Municipal Liability. Because a viable constitutional violation (fabrication) survives, Monell issues must be addressed anew by the district court, which had previously dismissed them solely for want of an underlying violation.
Conversion Claim. The court required specific, non-conclusory proof that $50,000 had been seized. Codrington’s failure to guide the court to admissible record evidence warranted affirmance of summary judgment for the officers.
Potential Impact of the Decision
- Exclusionary Rule Clarification. Civil-rights practitioners in the Sixth Circuit can no longer rely on suppression of illegally obtained evidence to prove absence of probable cause in § 1983 suits. Plaintiffs will need to attack the quality of the evidence itself or prove fabrication.
- Evidentiary Burdens in Fabrication Cases. The opinion underscores that direct video of planting is unnecessary at summary judgment; a web of circumstantial inconsistencies can suffice.
- Monell Litigation. By vacating the municipal dismissal, the court invites renewed scrutiny of LMPD’s alleged custom of pretextual, racially discriminatory traffic stops—potentially broadening municipal exposure.
- Litigation Strategy.
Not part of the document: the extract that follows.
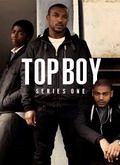 Top Boy Temporada 1
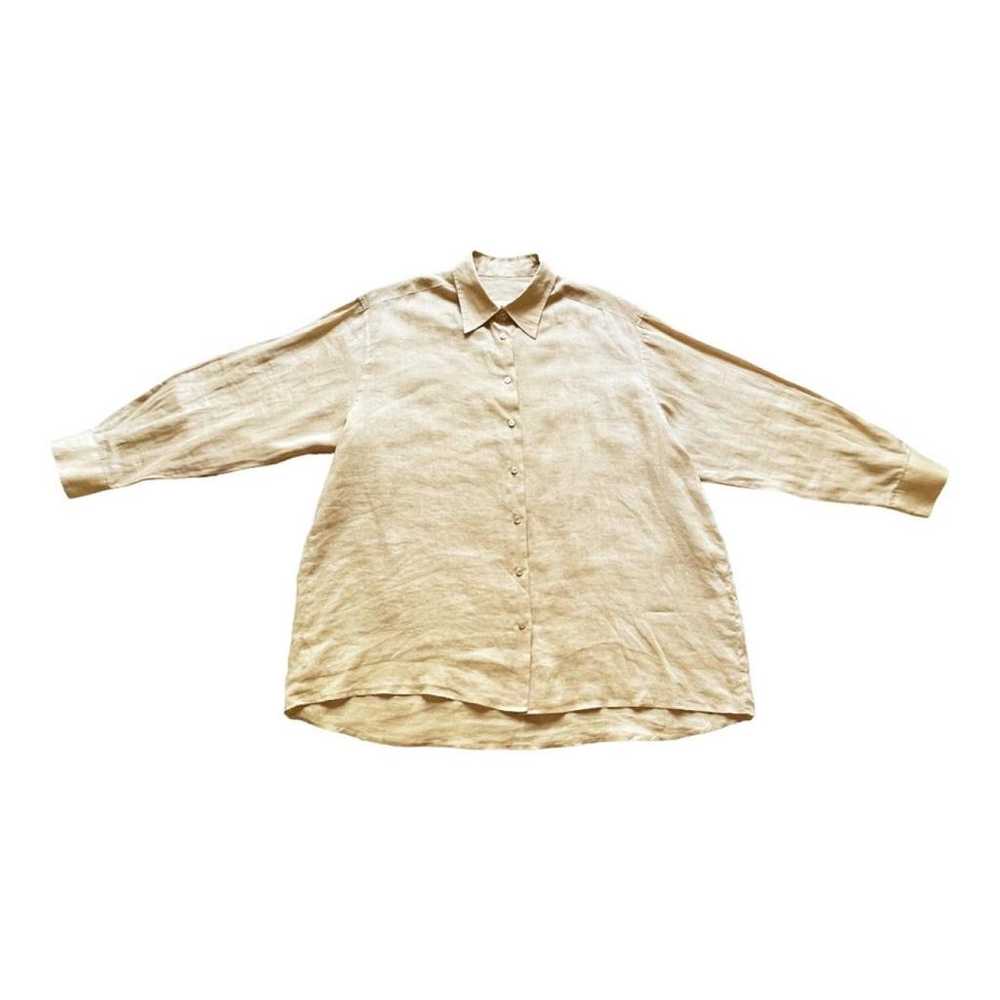 The Frankie Shop Linen shirt - image 2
Defense counsel should expect plaintiffs to plead fabrication more aggressively where probable cause exists for minor offenses. Conversely, plaintiffs must be meticulous in marshaling record evidence for state-law conversion or seizure claims.
- Statutory Accrual Rules. The panel re-emphasizes tight accrual standards for Fourth Amendment and equal-protection claims, reinforcing the need for quick filing or tolling strategies.
Complex Concepts Simplified
- 42 U.S.C. § 1983
- A federal statute allowing individuals to sue state actors for violations of constitutional or federal rights. It provides a civil (money-damages) remedy, not criminal sanctions.
- Exclusionary Rule / Fruit of the Poisonous Tree
- Judicial doctrines barring illegally obtained evidence (and its derivatives) from use in criminal trials to deter police misconduct. This case says they do not apply in civil § 1983 damages suits.
- Fabrication of Evidence (Fourth-Amendment Variant)
- When officers create or plant evidence and use it to obtain probable cause for arrest or prosecution, violating the right to be free from unreasonable seizures.
- Monell Liability
- Local governments are liable under § 1983 only when a policy or custom causes the constitutional injury or when they fail to train employees in a way that amounts to deliberate indifference.
- Summary Judgment
- A procedural device allowing courts to dispose of claims where no genuine dispute of material fact exists, saving juries for contested factual matters.
- Probable Cause
- Reasonable grounds to believe that a person has committed a criminal offense—less demanding than “beyond a reasonable doubt,” but more than a hunch.
Conclusion
Codrington v. Dolak is a milestone Sixth Circuit opinion for two reasons. First, it definitively eliminates the exclusionary rule as a litigation tool in § 1983 actions within the circuit, aligning Sixth Circuit precedent with all other regional courts of appeals. Second, by permitting a circumstantial fabrication-of-evidence claim to proceed, the court signals a willingness to let juries scrutinize contested police narratives even absent a “smoking-gun” video. Litigants should adjust strategies accordingly: municipalities must brace for revived Monell exposure, plaintiffs must file timely, and both sides must prepare for evidentiary battles unmitigated by suppression doctrines. The opinion thus recalibrates the balance between deterrence of police misconduct and finality in civil litigation, marking an important development in Fourth Amendment-related § 1983 jurisprudence.